What is expected ::
Starting at the line with "Army Special Forces Officer Insignia Pair", retype every remaining line of the records exactly. Do not include pictures.

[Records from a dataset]
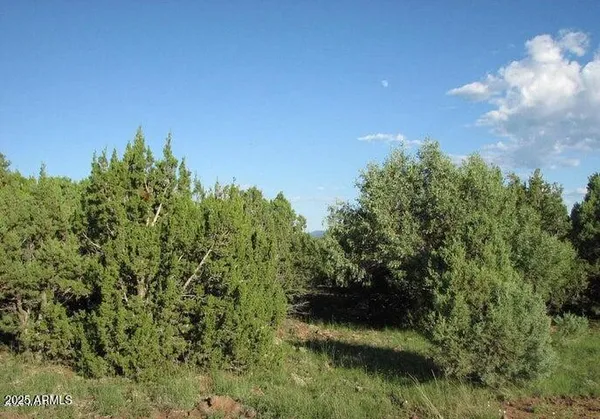 a view of a lake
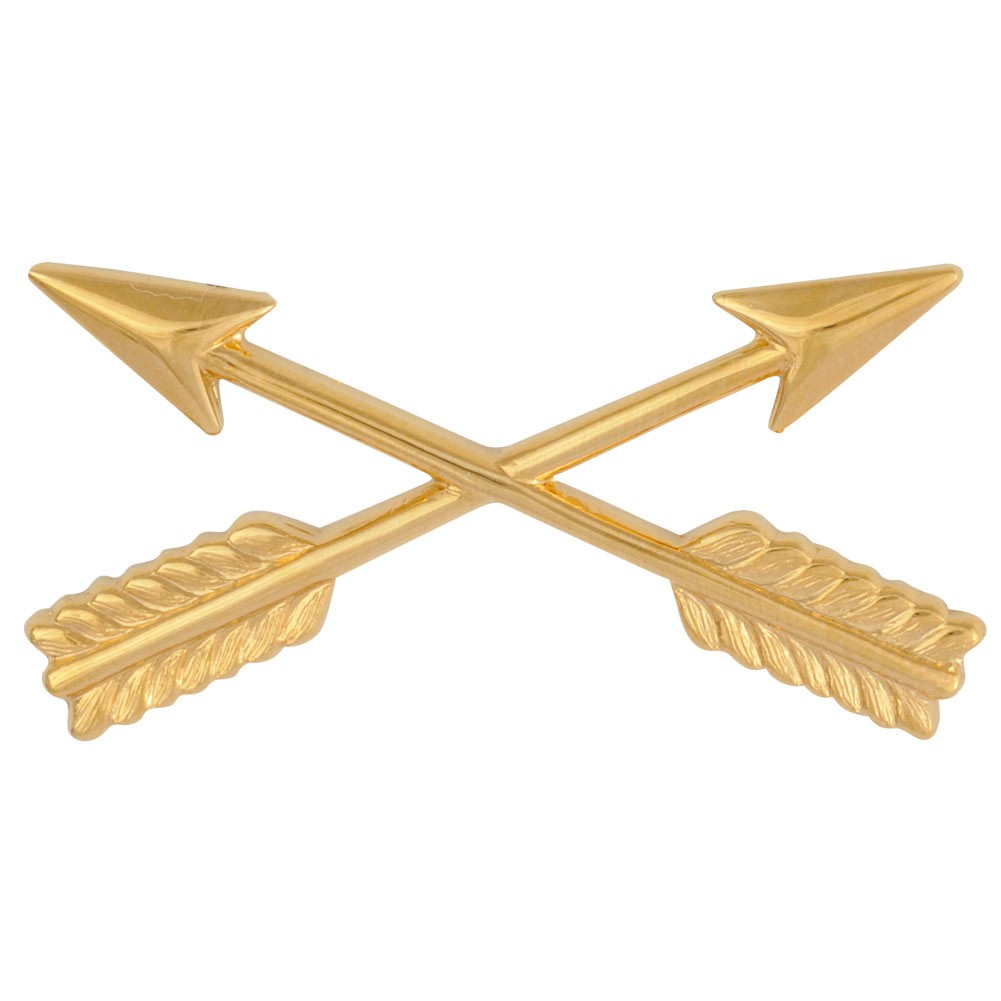 Army Special Forces Officer Insignia Pair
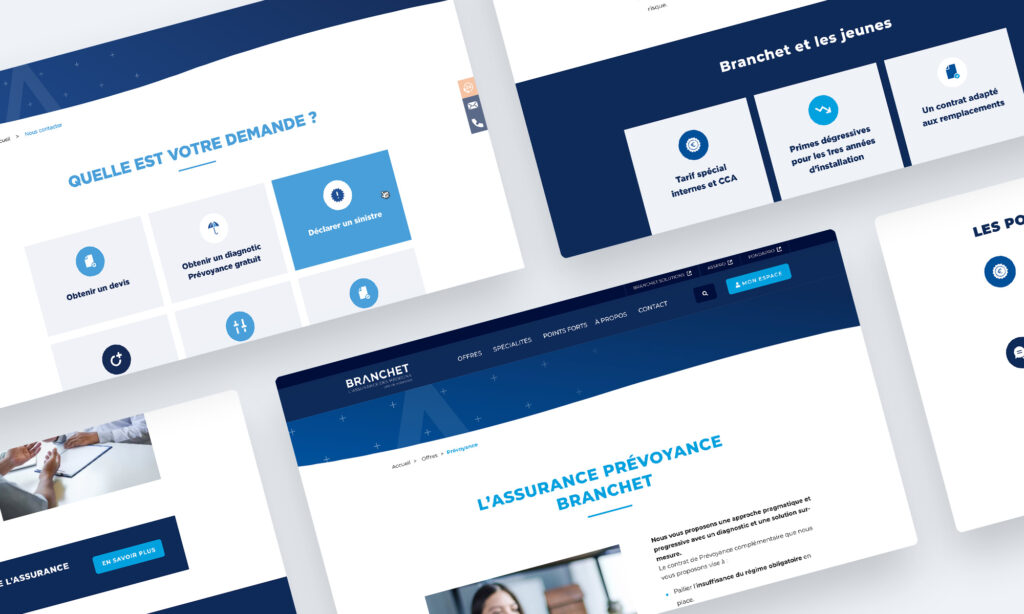 Vue d'ensemble des pages du site Branchet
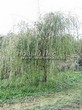 ���������� ��������� ��� ����� ������� (Salix alba 'Tristis') - 106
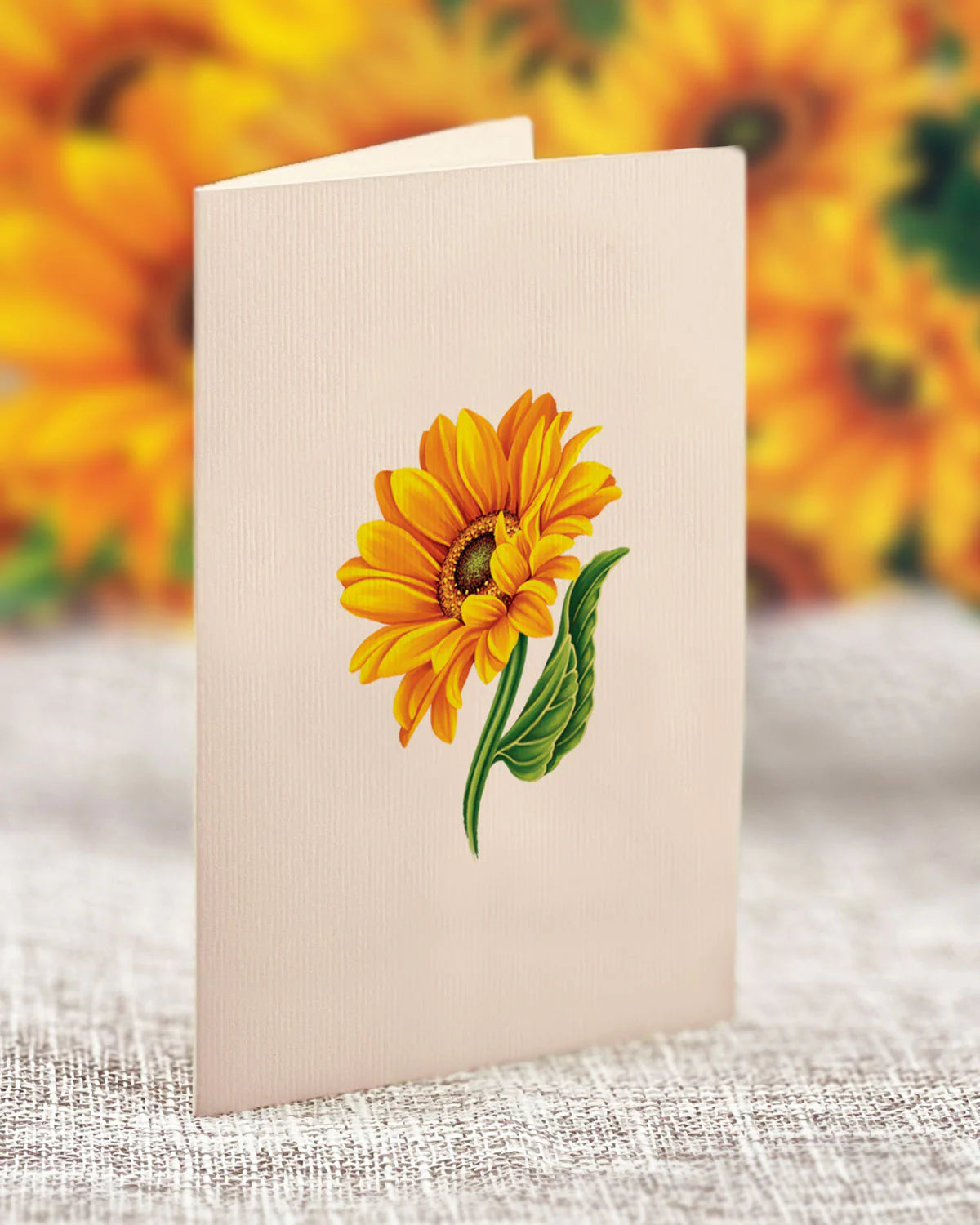 Fresh Cut Paper 3D Pop Up Flower Greeting Note Card – Sunflowers – 6" x 5"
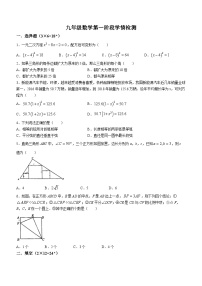 江苏省镇江市丹阳市第八中学2023-2024学年九年级上学期第一次月考数学试题(无答案)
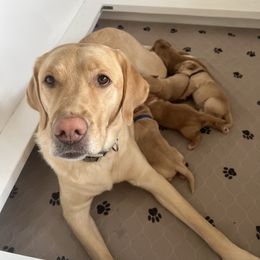 Labrador Retriever Puppies from Sun Ridge Labradors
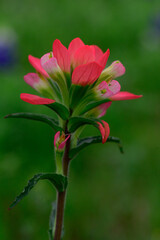 North America, USA, Texas, Marble Falls, Indian Paintbrush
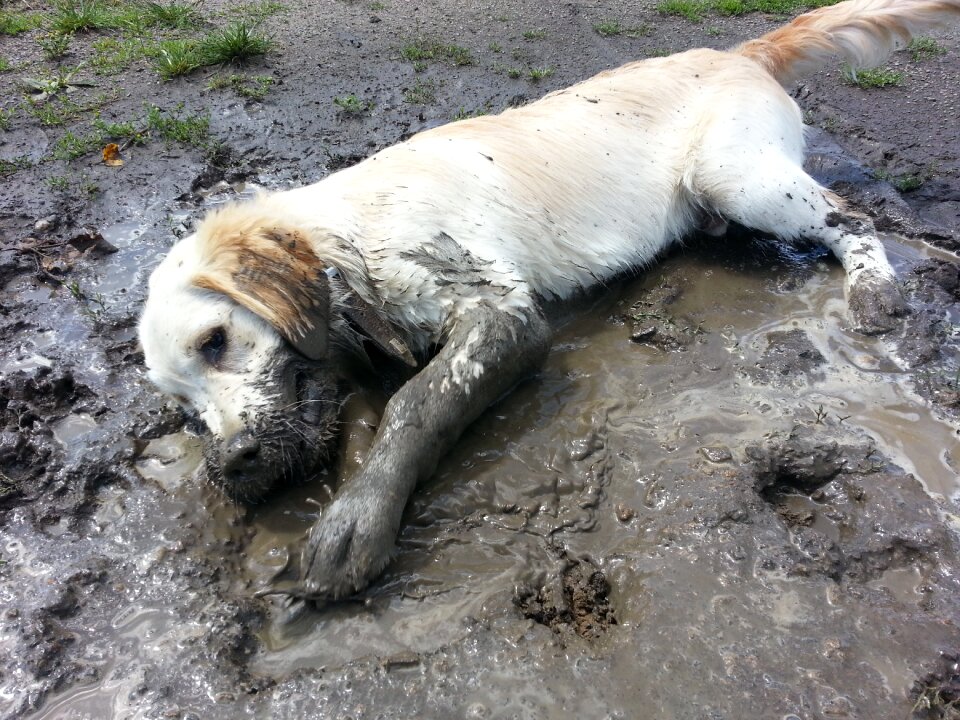 Meadow kennels spout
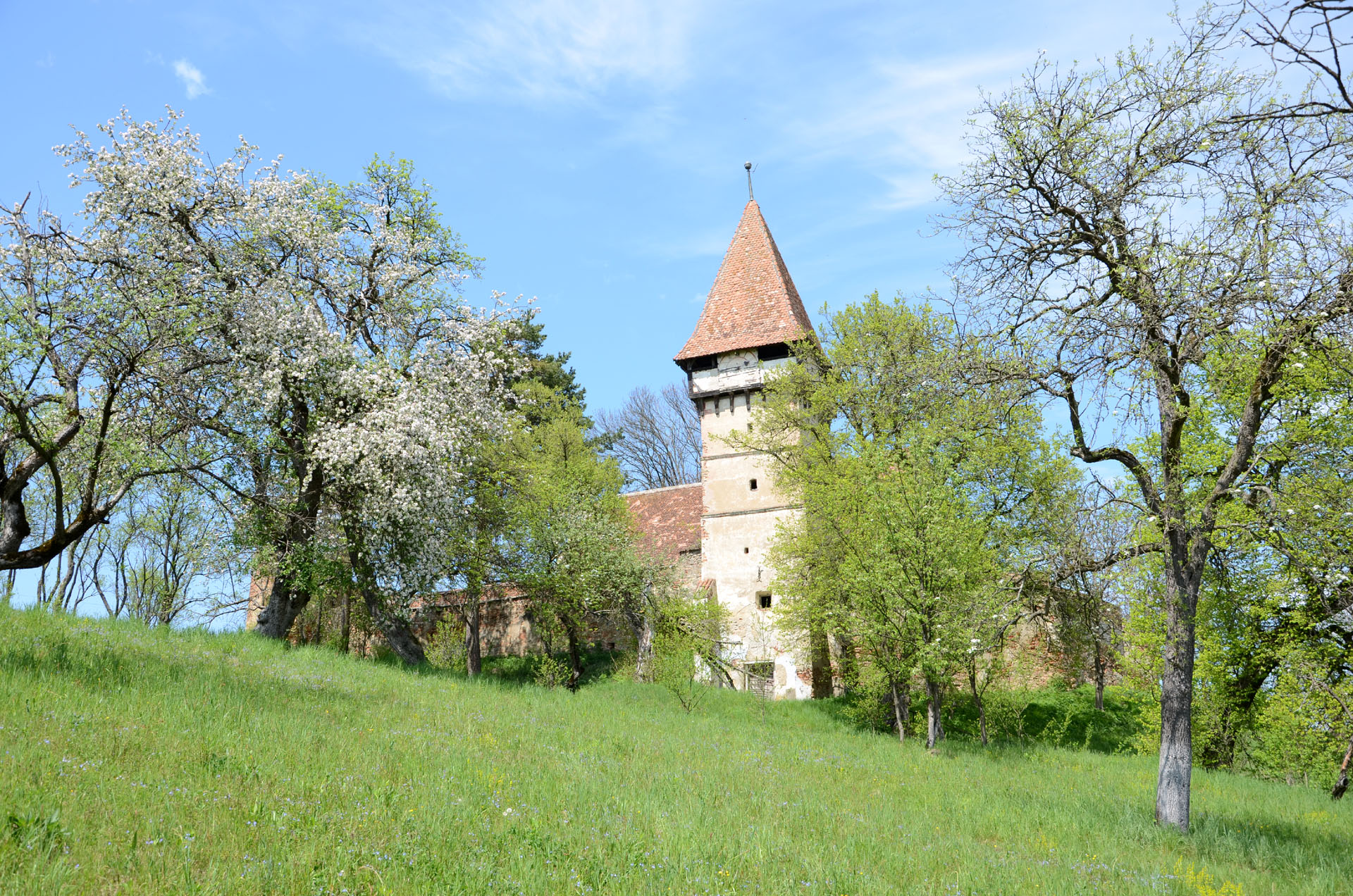 Pelișor Lutheran Fortified Church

Result for this task ::
 Army Special Forces Officer Insignia Pair
 Vue d'ensemble des pages du site Branchet
 ���������� ��������� ��� ����� ������� (Salix alba 'Tristis') - 106
 Fresh Cut Paper 3D Pop Up Flower Greeting Note Card – Sunflowers – 6" x 5"
 江苏省镇江市丹阳市第八中学2023-2024学年九年级上学期第一次月考数学试题(无答案)
 Labrador Retriever Puppies from Sun Ridge Labradors
 North America, USA, Texas, Marble Falls, Indian Paintbrush
 Meadow kennels spout
 Pelișor Lutheran Fortified Church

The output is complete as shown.